§ Entries supplied
▶

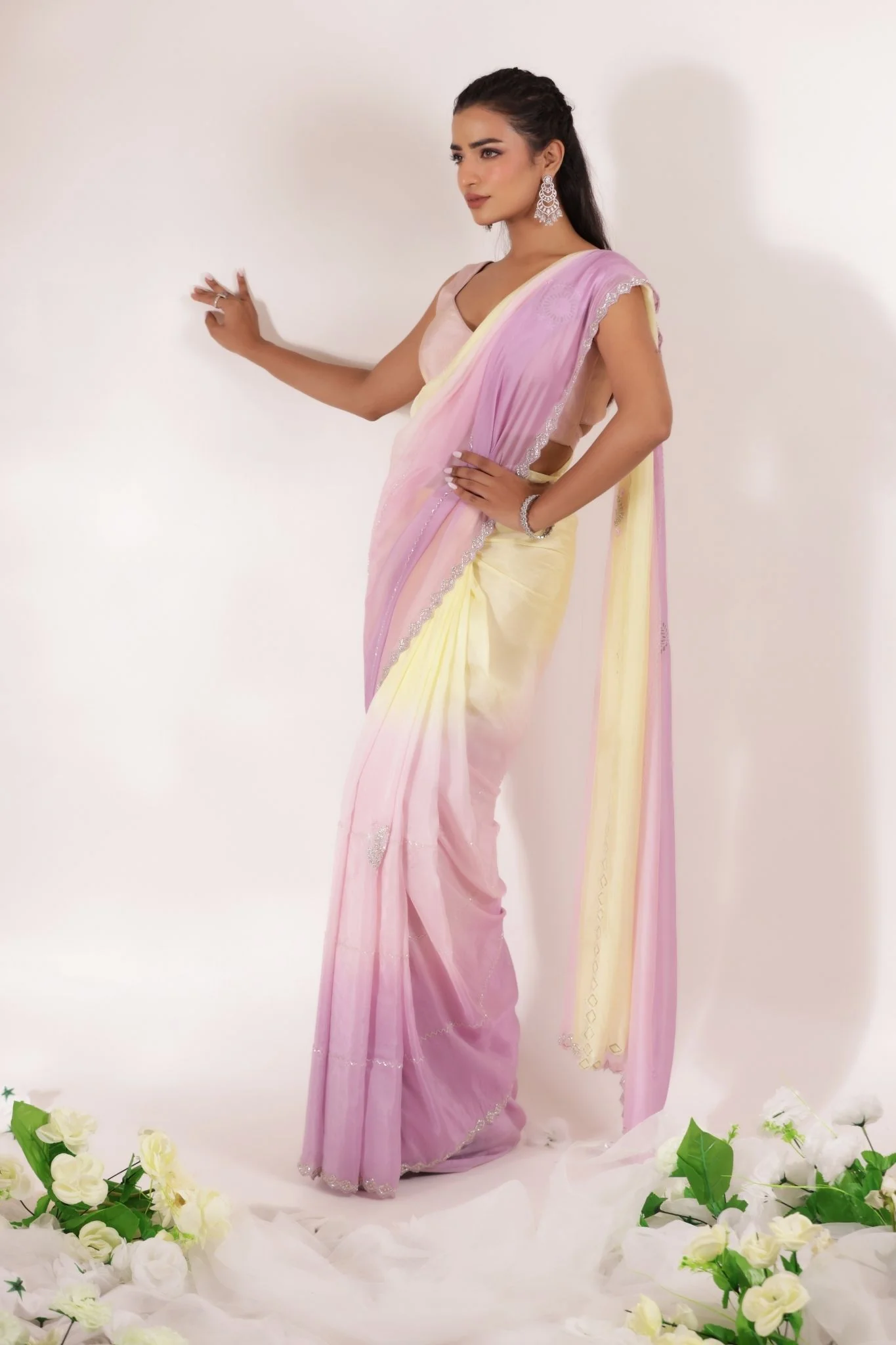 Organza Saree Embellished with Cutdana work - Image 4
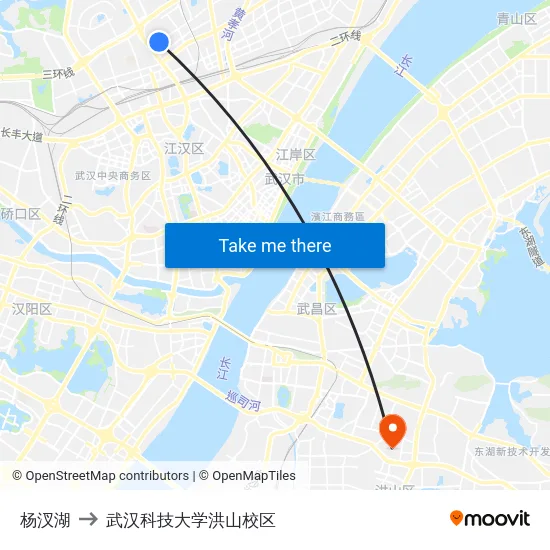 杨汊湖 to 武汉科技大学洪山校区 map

◀
▶

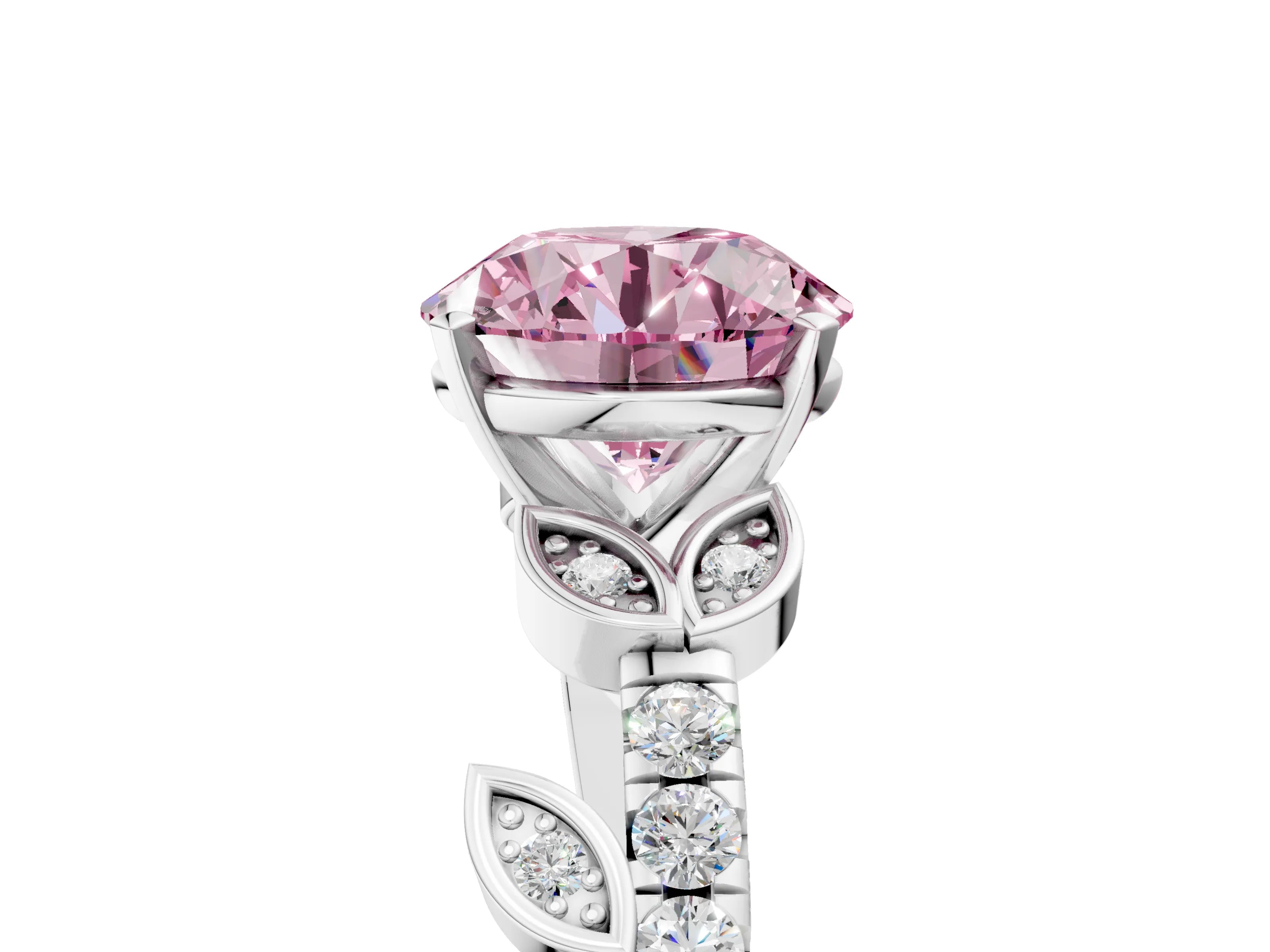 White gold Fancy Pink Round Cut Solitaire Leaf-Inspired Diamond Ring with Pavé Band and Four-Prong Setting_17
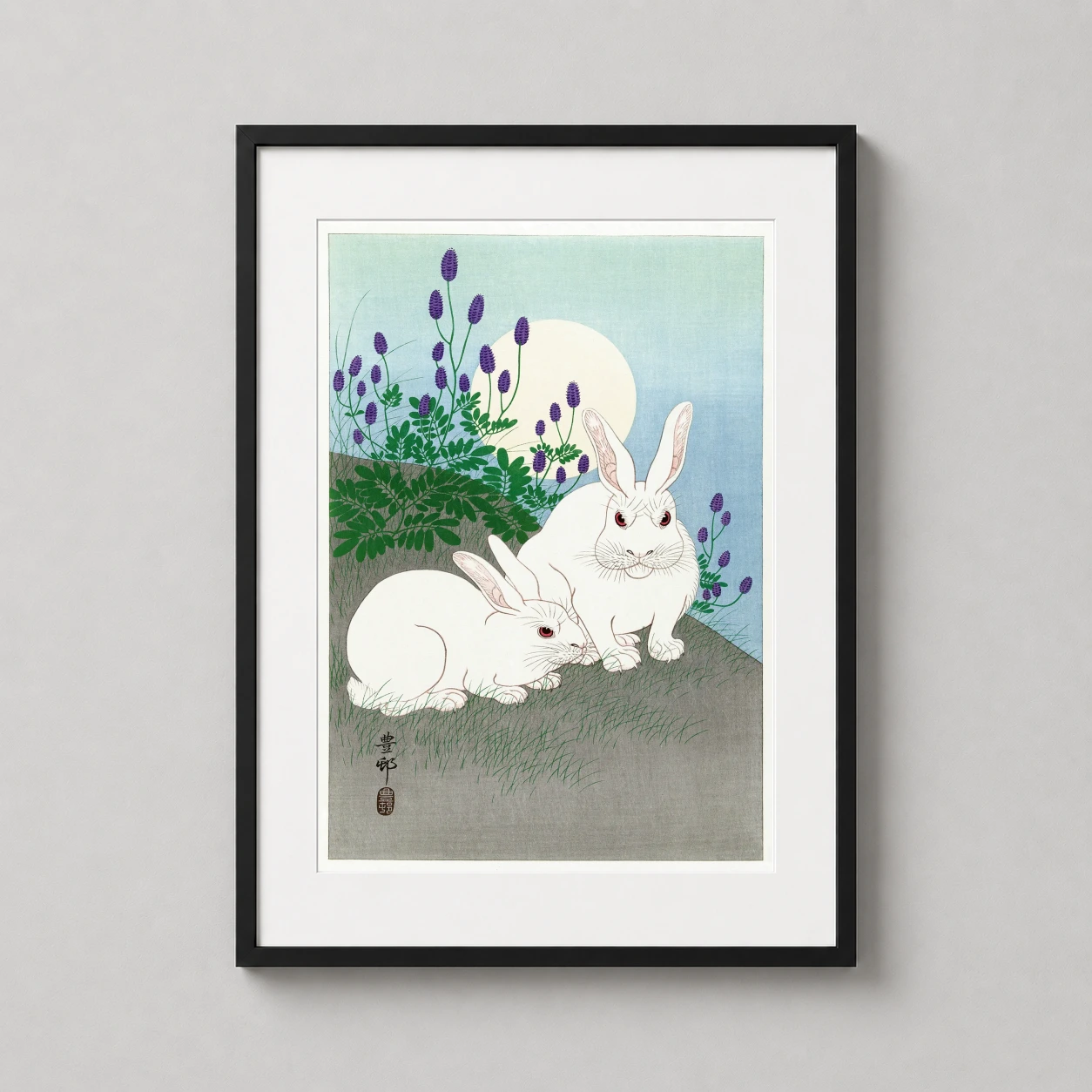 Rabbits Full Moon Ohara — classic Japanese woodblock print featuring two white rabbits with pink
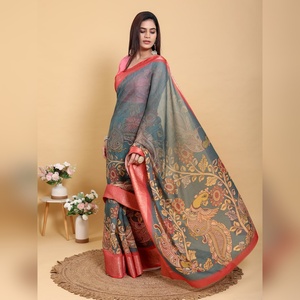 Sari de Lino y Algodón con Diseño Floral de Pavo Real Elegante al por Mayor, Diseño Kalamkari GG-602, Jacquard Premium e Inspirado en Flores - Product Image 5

◀

§ Your goal
From the records above, copy exactly the stretch from the line holding "Organza Saree Embellished" through the line holding "杨汊湖 to 武汉科技大学洪山校区 map", both ends included, without the pictures.

§ Solved problem
 Organza Saree Embellished with Cutdana work - Image 4
 杨汊湖 to 武汉科技大学洪山校区 map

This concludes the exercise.